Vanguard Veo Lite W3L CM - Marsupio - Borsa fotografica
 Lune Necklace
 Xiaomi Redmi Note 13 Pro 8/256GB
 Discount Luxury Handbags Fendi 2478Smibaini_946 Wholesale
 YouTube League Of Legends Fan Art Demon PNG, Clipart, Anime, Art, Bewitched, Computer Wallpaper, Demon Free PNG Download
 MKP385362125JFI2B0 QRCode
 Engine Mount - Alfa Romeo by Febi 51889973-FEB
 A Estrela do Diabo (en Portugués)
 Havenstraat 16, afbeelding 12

WORK ITEM → Once the line with "YouTube League Of" is located in the data above, repeat it and every later line through the end, exactly.

ANSWER SPACE →
 YouTube League Of Legends Fan Art Demon PNG, Clipart, Anime, Art, Bewitched, Computer Wallpaper, Demon Free PNG Download
 MKP385362125JFI2B0 QRCode
 Engine Mount - Alfa Romeo by Febi 51889973-FEB
 A Estrela do Diabo (en Portugués)
 Havenstraat 16, afbeelding 12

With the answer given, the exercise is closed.